Gene expression profiling is among the most commonly used analytical tools in biomedical research and is applied to predict preclinical and clinical endpoints, e.g. diagnosis of disease, risk assessment and response to treatment. However, the reliability of these predictions has not yet been established.
Johan Trygg and Max Bylesjö, researchers at Umeå University, have participated in a large international project (MAQC-II) aimed to examine and generate "best practice" protocols in data analysis for predicting clinical endpoints based on gene expression data. This project was coordinated by the United States Food and Drug Administration (FDA) and is part of its recent launch of a "Critical Path Initiative" to medical product development. The Umeå University researchers contributed with their expertise in the multivariate data analysis technique known as chemometrics.
The results have been published in the latest issue of the journal Nature Biotechnology.
Gene expression data can be used for diagnosis, early detection (screening) and prediction of response to treatment. However, the reliability of the predicted clinical endpoint can profoundly influence the results. In this project, gene expression profiles for 13 different endpoints from more than 3100 samples, including breast and lung cancer, were analyzed by 36 independent analysis teams that generated more than 30,000 prediction models for these 13 endpoints. This provides a unique resource for regulatory agencies and scientists.
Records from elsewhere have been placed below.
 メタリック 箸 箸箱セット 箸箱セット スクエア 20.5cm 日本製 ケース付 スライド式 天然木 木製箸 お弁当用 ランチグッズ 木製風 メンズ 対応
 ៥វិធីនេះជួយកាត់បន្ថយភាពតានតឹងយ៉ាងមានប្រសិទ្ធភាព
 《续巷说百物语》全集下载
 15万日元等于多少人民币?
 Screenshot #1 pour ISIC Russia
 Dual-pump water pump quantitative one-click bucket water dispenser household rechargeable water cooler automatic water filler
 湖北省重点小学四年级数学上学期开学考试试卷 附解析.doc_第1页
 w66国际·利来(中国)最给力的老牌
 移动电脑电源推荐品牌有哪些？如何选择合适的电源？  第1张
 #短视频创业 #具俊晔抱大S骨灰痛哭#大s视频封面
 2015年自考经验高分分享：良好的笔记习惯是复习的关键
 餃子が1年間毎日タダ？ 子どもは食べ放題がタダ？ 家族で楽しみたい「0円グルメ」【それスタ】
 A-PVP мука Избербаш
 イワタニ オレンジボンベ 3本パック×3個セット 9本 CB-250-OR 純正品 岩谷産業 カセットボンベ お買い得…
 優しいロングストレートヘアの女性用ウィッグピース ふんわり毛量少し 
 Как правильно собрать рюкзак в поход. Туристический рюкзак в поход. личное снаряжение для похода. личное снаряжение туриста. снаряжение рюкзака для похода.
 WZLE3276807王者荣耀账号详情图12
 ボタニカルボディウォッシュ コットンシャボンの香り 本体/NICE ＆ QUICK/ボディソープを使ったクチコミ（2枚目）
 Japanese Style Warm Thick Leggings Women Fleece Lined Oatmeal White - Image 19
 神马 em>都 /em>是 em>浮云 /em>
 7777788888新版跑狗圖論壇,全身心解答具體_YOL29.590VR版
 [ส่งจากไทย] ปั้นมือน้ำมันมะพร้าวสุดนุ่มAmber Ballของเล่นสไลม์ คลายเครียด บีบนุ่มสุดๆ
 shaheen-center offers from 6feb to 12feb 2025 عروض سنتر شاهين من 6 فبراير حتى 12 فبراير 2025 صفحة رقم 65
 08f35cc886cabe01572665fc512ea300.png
"Even though the primary goal was not to evaluate individual contributions, I was very happy to see that our OPLS prediction models did so well, and ranked highest for one of the 13 endpoints," says Johan Trygg, associate professor, Computational Life Science Cluster (CLiC) at Umeå University, coordinator of the Swedish effort.
A large effort was put into the structure and review of the data analysis protocol, generation of 36 candidate models and the statistical validation, including blinded validation sets. Three observations were particularly highlighted. (1) The performance of the prediction models depend largely on the quality and relevance of data (2) The experience and proficiency of the data analysis team are crucial factors for success (3) Different prediction methods yield similar prediction results.
Understanding the limitations using gene expression data for predicting clinical endpoints is critical to the formulation of general guidelines and procedures for safe and effective use, e.g. development of diagnostic tests. The "best practice" guidelines provided by this unprecedented collaboration provide a solid foundation for other types of high-dimensional biological data such as proteins and metabolites to be applied for personalized medicine.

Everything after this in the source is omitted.